- The NSSF act of 2013 targets to bring the informal sector into the pension fold estimating the memberships will increase to about 15 million.
- It increased salaried employees’ monthly deductions from Sh200 to Sh600 for the lowest earner and from Sh320 to Sh1,080 for top earners
Increased retirement savings contributions through the NSSF Act of 2013 will widen pension coverage and ensure financial security for Kenyans in their old age.
Although the pensions administrator, Enwealth Financial Services supports the new rates, it says there are still uncertainties around implementation that need clarity to protect both employers and employees.
The NSSF Act, 2013 increased salaried employees’ monthly deductions from Sh200 to Sh600 for the lowest earner and from Sh320 to Sh1,080 for top earners under a graduated scale. The upper limits on contributions are to rise every year.
Workers earning above Sh18,000 are divided into two levels of contributions — tier I and tier II. Tier I contributions are for those in respect of pensionable earnings up to the lower earnings limit of Sh6,000.
Tier II contributions are those in respect of pensionable earnings above the lower earnings limit.
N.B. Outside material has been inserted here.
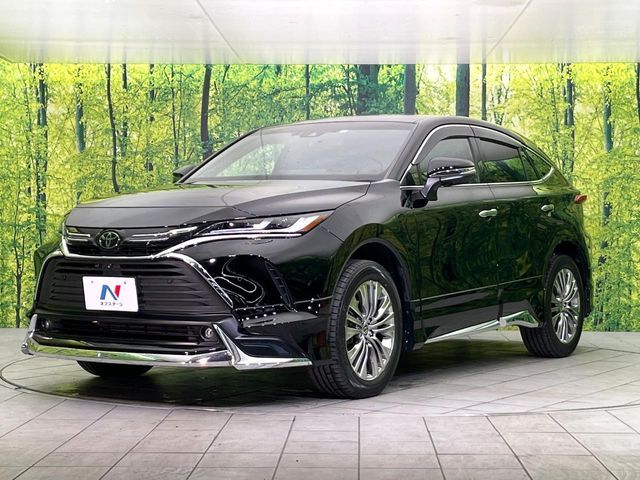 TOYOTA HARRIER 2WD 2022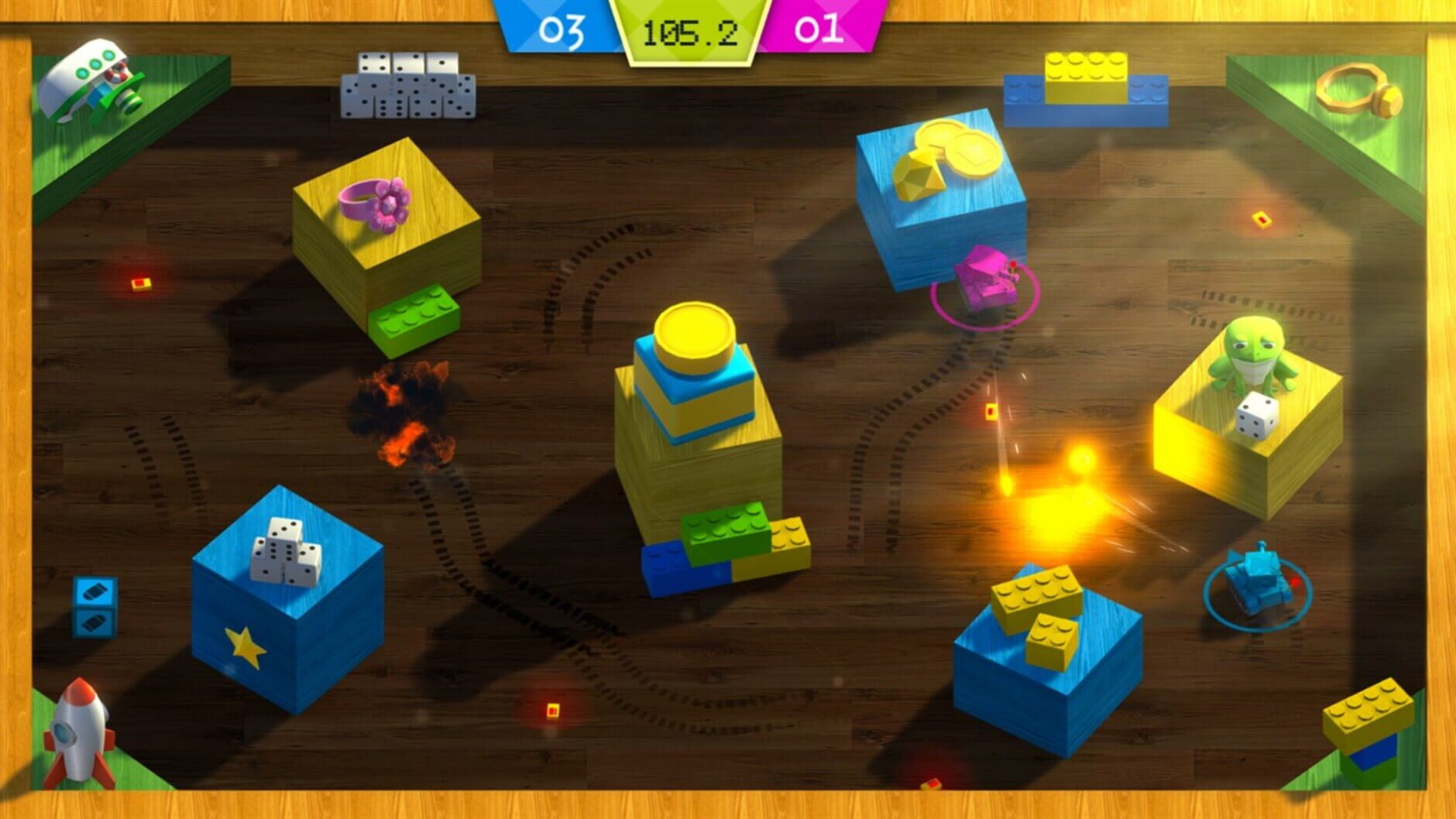 Screenshot for Attack of the Toy Tanks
Those in tier I are to contribute up to Sh720 per month, while those in tier II are to add up to Sh1,440, being contributions pegged on earnings above Sh18,000.
Workers already signed up for an occupational scheme have been offered relief since they would pay six percent of the minimum wage or Sh360 in the first year upon receiving approval from RBA.
This will increase to Sh540 in the fifth year in a balance meant to cushion company-sponsored schemes from collapse since it is feared that most employers would discontinue occupation schemes and opt for the statutory fund.
For instance, Enwealth says one of the provisions in the act allows a full opt-out at the Tier II level of contributions for employers who have or are contributing to pension schemes yet the process to opt out is flawed with bureaucracy.
Enwealth Financial Services CEO, Simon Wafubwa is calling for simplicity of the opt-out option for schemes saying as it is, it will create a refunds nightmare between employers and NSSF.
“In our view, there is a necessity to amend the act to be very simple in terms of opt out. If you have already complied with RBA regulations, there should be no requirement to apply to be exempted,''Wafubwa said.
He adds that, that should be an issue of compliance for audit, rather than applying and then waiting for two months or months to get approval and then pursue NSSF for refunds.
Enwealth says that many contributors may choose to opt out of the NSSF Tier II because of lower administration expenses looking for fees below NSSF’s which have been over two per cent.
Private schemes have been able to deliver annual returns of over 10 per cent which is often double the returns by NSSF, as well as more transparency in management and faster processing of claims.
Currently, there are about three million active contributors in pension including through NSSF, with the private sector having about 850,000 members.
The NSSF act of 2013 targets to bring the informal sector into the pension fold estimating the memberships will increase to about 15 million.
Kenya's current income replacement ratio falls between 1-4 per cent as savings are insufficient, and eroded by inflation and high administrative costs.
According to RBA deputy manager, supervision, Caroline Wanjala Wabwire, this is a welcome move for the country as it has been grappling with issues of coverage with only about 25 per cent of the labour force covered by a retirement benefits arrangement.
It targets to increase the Income replacement Ratio (IRR) to about 40 per cent which is closer to International Labour Organisation's (ILO) recommended 50-60 per cent.